MALCOLM NANCE, COUNTER-TERRORISM ANALYST AND AUTHOR OF “THE PLOT TO DESTROY AMERICA”: My pleasure to be here.
MENENDEZ: Here’s my first question and it’s an important one. How does one become a spy?
NANCE: Well, first off, I’m not a spy. And —
MENENDEZ: According to whom?
NANCE: According to the definition of what a spy really is and that’s terrible because I am on the board of the International Spy Museum in Washington but there are two types of actors in the intelligence community. We who are actually running intelligence operations, collecting intelligence, we tend refer to ourselves as intelligence collectors. The actual people like at the CIA who do it are CIA officers. Not agents. But the people that we get to betray their nation, let’s say in a human intelligence operation or to bring in a wiretap, a bug or something like that and plant it for you, they’re the spies.
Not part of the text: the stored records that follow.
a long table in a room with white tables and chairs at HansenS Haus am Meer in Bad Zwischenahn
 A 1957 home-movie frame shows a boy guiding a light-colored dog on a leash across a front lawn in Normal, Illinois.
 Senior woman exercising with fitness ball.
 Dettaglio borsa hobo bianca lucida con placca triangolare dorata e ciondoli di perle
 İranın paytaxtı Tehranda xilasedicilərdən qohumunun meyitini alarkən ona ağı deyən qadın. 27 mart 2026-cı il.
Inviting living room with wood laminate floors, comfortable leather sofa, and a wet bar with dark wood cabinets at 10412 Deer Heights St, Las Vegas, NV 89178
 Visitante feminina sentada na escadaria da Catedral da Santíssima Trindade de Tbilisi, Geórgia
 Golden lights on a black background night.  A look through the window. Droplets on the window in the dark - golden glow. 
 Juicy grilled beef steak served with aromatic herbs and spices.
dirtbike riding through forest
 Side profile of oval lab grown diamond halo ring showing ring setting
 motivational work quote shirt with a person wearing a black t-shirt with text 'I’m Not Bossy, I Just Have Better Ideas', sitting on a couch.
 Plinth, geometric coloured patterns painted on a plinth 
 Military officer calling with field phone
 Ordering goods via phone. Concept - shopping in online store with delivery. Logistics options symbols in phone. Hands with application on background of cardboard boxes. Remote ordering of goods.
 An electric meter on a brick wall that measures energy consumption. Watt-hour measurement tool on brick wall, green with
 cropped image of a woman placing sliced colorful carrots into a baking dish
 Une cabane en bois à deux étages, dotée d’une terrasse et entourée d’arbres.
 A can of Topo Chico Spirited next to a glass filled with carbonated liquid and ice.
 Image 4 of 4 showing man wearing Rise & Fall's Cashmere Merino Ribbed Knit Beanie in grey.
MENENDEZ: What drew you to this work?
NANCE: Well, I grew in Philadelphia coming from a military family, a very old military family. There’s been a Nance father, son and my niece in the navy was in combat in Yemen last year. We have been in the armed forces since the civil war in every war.
MENENDEZ: Wow.
NANCE: And, you know, my father was a master chief petty officer. I’m one of five sons who were in the Navy. And I — you know, I grew up in Philadelphia. And I had a pretty good catholic upbringing. But while I was there, I think I was influenced subliminally. There’s a statue down in Washington square which is the first actual tomb of the unknown soldier and above the inscription of a statue of George Washington is the saying that freedom is a light for which many men have died in darkness. And now that I’m grown up and I see that statue and quote that, when I talk about intelligence activity, I think I was just subliminally influenced to go into that darkness and to see, you know, be the person to get information that really meant something. And you know, it is not like the movies at all. This is not a Jason Bourne world.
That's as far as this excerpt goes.